Michigan Gov. Gretchen Whitmer is talking with the United Auto Workers and her state’s biggest automakers in an effort to stave off a strike, which is where she worries the negotiations over a new labor contract are headed.
“Any casual observer would recognize that there’s reason to be concerned about where it’s headed,” Whitmer said in an interview Thursday in Tokyo. Her trip is designed to promote commercial ties with Japan and visit companies important in the auto industry, including Toyota Motor Corp. and its two biggest suppliers, Denso and Aisin.
Whitmer said the union and Detroit’s legacy automakers — Ford Motor Co., General Motors Co. and Stellantis NV — should be able to forge a deal ahead of a Sept. 14 deadline that allows the companies to stay profitable while also boosting hourly employees’ pay.
“I’m talking with the leadership of the Big Three as well as the leadership of the UAW, hoping that they stay at the table and come up with an agreement that supports workers and averts a strike,” she said, noting it was “unclear” what more the state could do.
A strike by the 146,000 hourly workers at GM, Ford and Stellantis would cause an economic loss of more than $5 billion after just 10 days, according to a study by Anderson Economic Group, a Michigan-based consulting firm.

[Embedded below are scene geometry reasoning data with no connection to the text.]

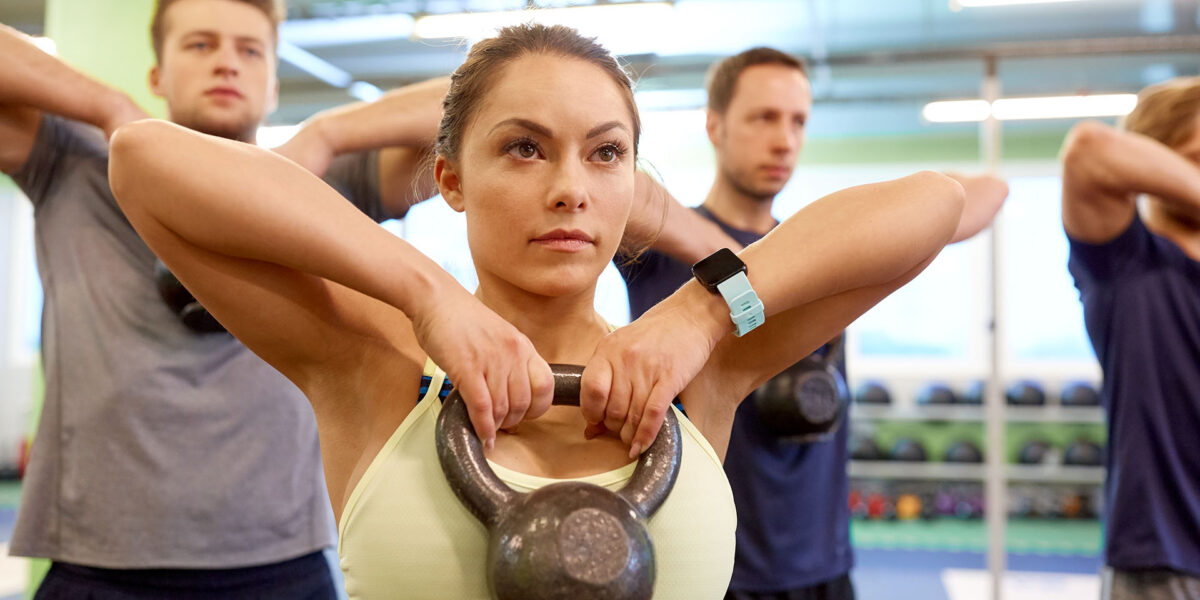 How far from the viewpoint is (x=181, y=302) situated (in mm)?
1746

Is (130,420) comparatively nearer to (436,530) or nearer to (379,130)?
(379,130)

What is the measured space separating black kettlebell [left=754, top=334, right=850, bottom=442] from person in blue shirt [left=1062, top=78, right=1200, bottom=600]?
25.5 inches

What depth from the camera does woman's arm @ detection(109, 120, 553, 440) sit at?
96 centimetres

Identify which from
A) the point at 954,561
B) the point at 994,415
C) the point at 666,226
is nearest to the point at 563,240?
the point at 666,226

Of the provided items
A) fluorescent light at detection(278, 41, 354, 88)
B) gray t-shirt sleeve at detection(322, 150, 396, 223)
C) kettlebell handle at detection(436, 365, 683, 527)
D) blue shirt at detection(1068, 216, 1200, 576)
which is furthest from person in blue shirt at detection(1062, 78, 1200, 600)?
fluorescent light at detection(278, 41, 354, 88)

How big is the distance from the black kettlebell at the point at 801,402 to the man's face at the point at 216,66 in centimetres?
124

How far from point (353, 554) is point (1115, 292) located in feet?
6.04

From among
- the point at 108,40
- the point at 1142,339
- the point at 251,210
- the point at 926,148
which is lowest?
the point at 1142,339

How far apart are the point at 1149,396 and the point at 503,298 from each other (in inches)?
61.7

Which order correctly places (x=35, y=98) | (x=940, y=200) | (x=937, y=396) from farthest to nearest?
(x=937, y=396) < (x=35, y=98) < (x=940, y=200)

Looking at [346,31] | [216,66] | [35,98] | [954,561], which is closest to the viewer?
[35,98]

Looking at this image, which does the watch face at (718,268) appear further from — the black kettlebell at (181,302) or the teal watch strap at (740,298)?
the black kettlebell at (181,302)

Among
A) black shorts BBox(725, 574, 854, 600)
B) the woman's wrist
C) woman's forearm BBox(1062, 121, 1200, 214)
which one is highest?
woman's forearm BBox(1062, 121, 1200, 214)

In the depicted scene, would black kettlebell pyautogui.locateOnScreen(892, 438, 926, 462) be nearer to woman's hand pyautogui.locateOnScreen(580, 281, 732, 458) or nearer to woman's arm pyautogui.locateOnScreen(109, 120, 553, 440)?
woman's hand pyautogui.locateOnScreen(580, 281, 732, 458) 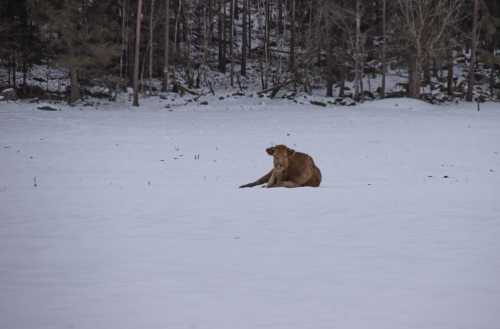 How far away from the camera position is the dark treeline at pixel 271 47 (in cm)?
3656

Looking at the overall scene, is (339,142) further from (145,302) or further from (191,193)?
(145,302)

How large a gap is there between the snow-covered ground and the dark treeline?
67.0ft

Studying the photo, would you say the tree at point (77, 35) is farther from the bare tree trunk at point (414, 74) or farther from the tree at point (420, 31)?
the bare tree trunk at point (414, 74)

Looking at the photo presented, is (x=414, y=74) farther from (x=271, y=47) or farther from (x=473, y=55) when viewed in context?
(x=271, y=47)

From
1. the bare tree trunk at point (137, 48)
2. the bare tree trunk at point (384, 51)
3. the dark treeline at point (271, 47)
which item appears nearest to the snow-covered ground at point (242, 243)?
the bare tree trunk at point (137, 48)

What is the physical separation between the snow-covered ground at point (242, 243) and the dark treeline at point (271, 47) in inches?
804

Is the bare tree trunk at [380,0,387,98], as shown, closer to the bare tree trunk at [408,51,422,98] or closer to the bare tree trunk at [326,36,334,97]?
the bare tree trunk at [408,51,422,98]

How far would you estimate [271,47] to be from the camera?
181ft

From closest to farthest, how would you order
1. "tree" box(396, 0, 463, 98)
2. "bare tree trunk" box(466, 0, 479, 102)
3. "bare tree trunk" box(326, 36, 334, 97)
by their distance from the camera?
"tree" box(396, 0, 463, 98) → "bare tree trunk" box(466, 0, 479, 102) → "bare tree trunk" box(326, 36, 334, 97)

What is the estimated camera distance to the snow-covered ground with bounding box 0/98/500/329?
16.4ft

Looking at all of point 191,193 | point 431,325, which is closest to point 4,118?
point 191,193

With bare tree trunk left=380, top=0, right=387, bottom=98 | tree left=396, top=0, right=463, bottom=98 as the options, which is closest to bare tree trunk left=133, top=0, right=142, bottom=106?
bare tree trunk left=380, top=0, right=387, bottom=98

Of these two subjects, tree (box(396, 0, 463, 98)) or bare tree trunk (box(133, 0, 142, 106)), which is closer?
bare tree trunk (box(133, 0, 142, 106))

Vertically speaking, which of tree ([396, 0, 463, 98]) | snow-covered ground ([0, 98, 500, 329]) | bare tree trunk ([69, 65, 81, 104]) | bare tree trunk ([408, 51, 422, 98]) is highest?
tree ([396, 0, 463, 98]) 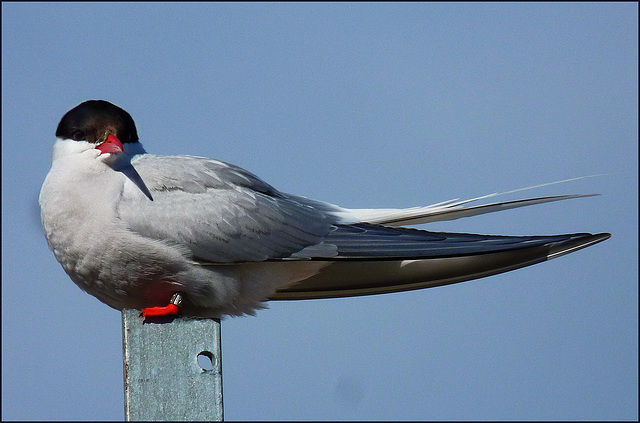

That would fall heaviest on Michigan, which is highly dependent on the auto industry and related businesses for investment and jobs.
The union is demanding, among other things, a 46% pay raise across the board, as well as a 32-hour work week with 40 hours of pay. The carmakers say that would cost each of them more than $80 billion over four years and wipe out profits.
GM on Thursday provided a counteroffer to the UAW that includes a 10% wage increase for most employees. Ford last week proposed a 9% wage increase over four years.